Sul 767 che decolla in perfetto orario dal Marco Polo alla volta della Grande Mela infatti ogni passeggero ha a disposizione il proprio touch screen per godersi film, serie tv e giochi. E lì in mezzo tra un flipper, un trivial, gli scacchi e chi più ne ha più ne metta, spunta, manco a farlo apposta, l’”inflight poker showdown”. Noooo, anche qui si lavora…
IL SOFTWARE – “Gioca a texas hold’em con i tuoi compagni di aereo nel primo torneo al mondo di poker inflight – recita la schermata d’apertura del software, non molto più rudimentale di quello di diverse room nostrane -. Questo torneo in “Vegas-style” è divertente per tutti i passeggeri di qualsiasi livello di abilità. Trasforma il tuo play money in un prestigioso successo…proprio come alla tv”. Nella lobby la possibilità di scelta del tavolo, per ora esclusivamente limit per permettere a un touch screen non proprio della qualità di un Ipad di gestire l’applicazione nel modo più semplice possibile. E poi via, una volta inserito il nome ci si siede al tavolo per la prima mano aerea della carriera. Che emozione…
HEADS UP – Nessuno, però, si siede su questo rarissimo esemplare di tavolo volante (altro che Mille e una notte). Tutti intenti a guardare Avatar o Sherlock Holmes, oppure a compilare i moduli da consegnare agli addetti della Dogana americana una volta atterrati al JFK di New York. Pur di giocare una mano imploro una vicina di posto, una gentile signora di colore che non parla italiano ma accompagna dei giovanissimi nipoti a Cincinnati, di entrare nel programma e giocare un solo colpo. Chissà se prima di noi qualcuno ha mai giocato una mano quassù sopra l’Atlantico. Vada come vada, sono agitato manco avessi vinto un ticket per il Main Event Wsop che sto andando a seguire. Ci siamo, io in seat 10, lei in seat 6, 2.000 di stack e blind 5-10. Roba tecnica, considerato che siamo limit. Il dealer distribuisce le carte per questo storico heads up e… meraviglia delle meraviglie, ho due donne rosse! Non resisto alla tentazione di rilanciare per vincere questo primo, storico pot.

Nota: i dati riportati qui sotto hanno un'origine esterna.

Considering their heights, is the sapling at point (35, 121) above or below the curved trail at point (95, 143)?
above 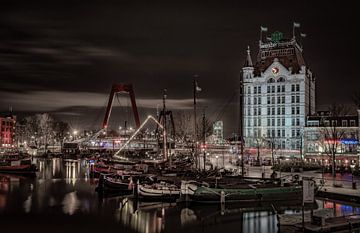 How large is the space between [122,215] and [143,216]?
2034 mm

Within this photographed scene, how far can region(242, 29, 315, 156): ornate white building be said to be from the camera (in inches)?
3962

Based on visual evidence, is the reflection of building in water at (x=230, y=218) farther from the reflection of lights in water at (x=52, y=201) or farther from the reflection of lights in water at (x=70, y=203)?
the reflection of lights in water at (x=52, y=201)

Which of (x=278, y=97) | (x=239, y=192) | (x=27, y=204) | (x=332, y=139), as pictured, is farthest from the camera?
(x=278, y=97)

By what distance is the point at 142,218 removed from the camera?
120 ft

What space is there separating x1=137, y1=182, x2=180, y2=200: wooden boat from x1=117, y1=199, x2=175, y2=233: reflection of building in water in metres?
1.39

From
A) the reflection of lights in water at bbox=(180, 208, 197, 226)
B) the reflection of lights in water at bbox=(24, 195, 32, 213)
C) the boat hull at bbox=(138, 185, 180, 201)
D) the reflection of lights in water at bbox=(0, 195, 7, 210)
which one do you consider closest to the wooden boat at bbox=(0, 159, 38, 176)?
the reflection of lights in water at bbox=(0, 195, 7, 210)

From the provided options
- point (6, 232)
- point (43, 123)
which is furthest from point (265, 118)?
point (43, 123)

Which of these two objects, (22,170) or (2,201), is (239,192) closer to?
(2,201)

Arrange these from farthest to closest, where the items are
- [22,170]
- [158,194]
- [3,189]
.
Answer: [22,170] < [3,189] < [158,194]

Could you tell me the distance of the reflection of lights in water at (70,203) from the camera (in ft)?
132

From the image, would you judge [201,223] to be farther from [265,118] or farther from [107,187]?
[265,118]

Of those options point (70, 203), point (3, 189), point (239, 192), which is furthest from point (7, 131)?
point (239, 192)

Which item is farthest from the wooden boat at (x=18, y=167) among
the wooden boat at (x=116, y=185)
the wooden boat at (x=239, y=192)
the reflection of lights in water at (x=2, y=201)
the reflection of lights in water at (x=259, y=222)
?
the reflection of lights in water at (x=259, y=222)

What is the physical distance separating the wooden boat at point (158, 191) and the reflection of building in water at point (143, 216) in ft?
4.56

MONETA IN CIELO Non resisto però, la carne è debole, nemmeno alla tentazione di guardare allo schermo della vicina, per capire come sta messa. E cosa ti vedo? Asso-kappa! Pazzesco, tutto rigged anche quassù, e vuoi vedere che riesco a perdere anche da una persona che non ha mai giocato il primo “flying coin flip” della mia vita?
Non lo saprò mai. La signora, gentile quanto volete ma non proprio Steve Jobs nella gestione del touch screen, non schiaccia il tasto in tempo. La sua mano viene passata! Abbiamo vinto! Ipc rules anche in quota! Dai che forse abbiamo svoltato! Siamo campioni dell’aria!
Se il buongiorno si vede dal mattino, a Las Vegas quest’anno facciamo un disastro. Keep in touch!